Nicolas Graves : Ce rapport au débat public est d’autant plus important que nos préoccupations interpellent de façon renouvelée les termes de la représentation démocratique, de l’action politique, de l’intérêt général. Ces sujets butent rapidement sur les limites du système politique actuel, sur ses points de blocages. C’est aussi ce qu’on constate dans les entreprises, où nous sensibilisons les cadres sur leur place et leurs leviers dans la stratégie mise en œuvre, et les encourageons à agir. Là-dessus, notre vision rejoint totalement votre terrain d’intervention pour travailler sur les contradictions croissantes entre les aspirations professionnelles des individus et le rôle qu’ils se voient assignés. On se retrouve nombreux pour leur dire : c’est le moment d’y réfléchir.

Philippe Verbeke : Nous disposons d’un atout syndical unique : nous portons des propositions nées de coopérations interindustrielles et permettant de réduire les nuisances. Dans la sidérurgie, où elles sont importantes, nous travaillons avec les collègues des transports et de l’énergie dans une logique de filière. Nous portons ensemble un projet de filière de production d’hydrogène qui offre des perspectives de transformation importante. Cette filière, qui combine hydrogène et CO2, réduirait de moitié les émissions de CO2. Elle porte à court terme une alternative à la batterie électrique.

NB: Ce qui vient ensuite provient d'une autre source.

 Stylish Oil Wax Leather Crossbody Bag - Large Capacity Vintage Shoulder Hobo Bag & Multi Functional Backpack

Le projet est accueilli partout avec sérieux : on nous écoute, on nous accorde que c’est crédible, des associations environnementales le soutiennent… et puis rien. D’abord parce que nos multinationales se refusent à doter la recherche et le développement des budgets nécessaires. Les dividendes passent d’abord. Ensuite, elles ont d’autres projets. Arcelor envisage ainsi de récupérer le CO2 pour aller l’enfouir dans le sous-sol de la mer du Nord, pour en faire un levier d’extraction pétrolière, sans aucune considération pour les risques environnementaux. Enfin, parce qu’elles se refusent à envisager de concéder la moindre parcelle de décision stratégique aux travailleurs. Nous nous tournons donc vers les élus, la population.

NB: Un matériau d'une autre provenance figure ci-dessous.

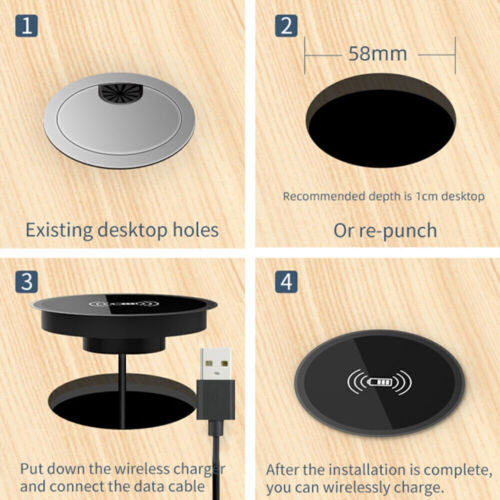 NEU 100W Fast Wireless Charger Desktop Embedded Charging Base for iPhone Samsung - Bild 9 von 11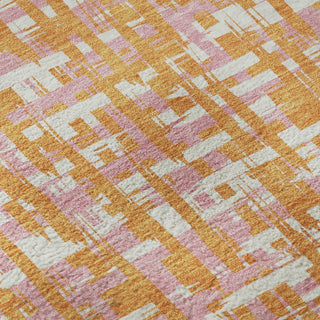 Piper Looms Mayfield Lines AMF1060 Orange Machine Washable Area Rug Swatch Image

À Fos-sur-Mer, où la question de qualité de l’air est sérieusement posée, le syndicat cgt du site d’ArcelorMittal a créé un comité de surveillance de l’activité industrielle « et de son impact sur l’environnement », avec toutes les parties concernées. Il s’agit de placer les industriels au pied du mur de leurs responsabilités et de développer des alternatives de production.

Sophie Binet : Lors des derniers congrès de l’Ugict, nous sommes partis d’une contradiction concernant les cadres. Ils et elles sont parmi les plus sensibles aux enjeux environnementaux, notamment à travers leur consommation. Mais dans l’entreprise, où ils ont une responsabilité importante et une visibilité sur l’ensemble des process, ils s’entendent dire : circulez, y a rien à voir, le sociétal c’est hors entreprise. C’est là où il nous faut intervenir. On ne peut pas interroger notre mode de vie et continuer à produire à l’identique, sauf à organiser et à exacerber des contradictions et des oppositions ultraviolentes entre le social et l’environnemental. C’est pourquoi nous publions un manifeste pour la responsabilité environnementale, pour permettre aux cadres et professions intermédiaires de retrouver la maîtrise de la finalité de leur travail.

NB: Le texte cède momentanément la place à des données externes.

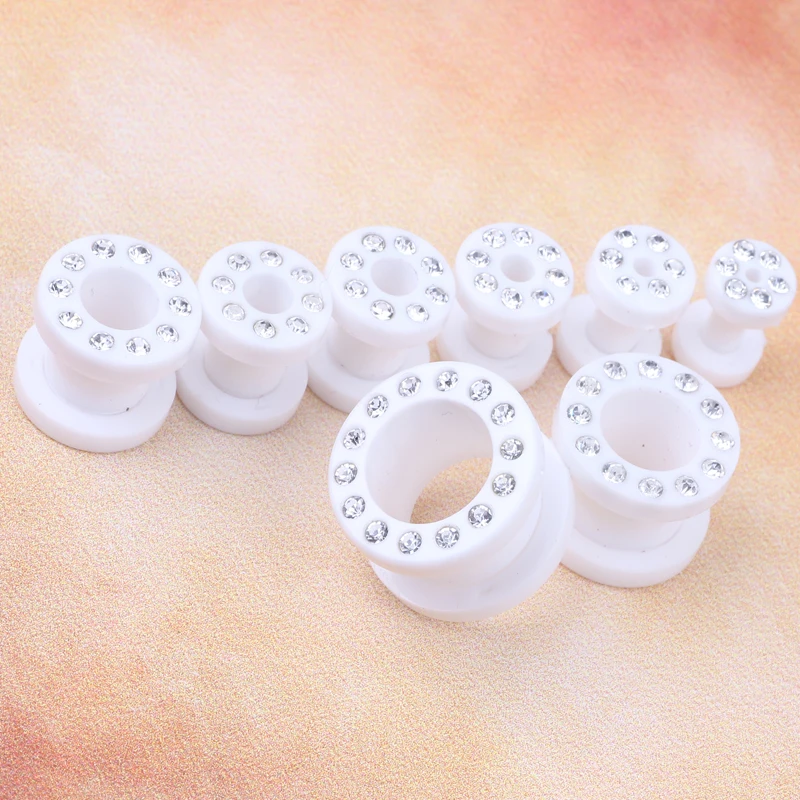 crystal Acrylic ear plugs flesh tunnels earring hollow expander ear gauges Kit Piercing Jewelry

De la même façon, nous travaillons à la création d’un outil qui permettra d’évaluer, à partir des informations professionnelles qu’ont les cadres et professions intermédiaires, l’impact environnemental de la chaîne de valeur de leur entreprise. Nous voulons le faire avec les salariés, afin de leur redonner du pouvoir d’agir, de faciliter une appropriation des enjeux et la formulation d’alternatives concrètes, de relocaliser, de mettre en place l’économie circulaire.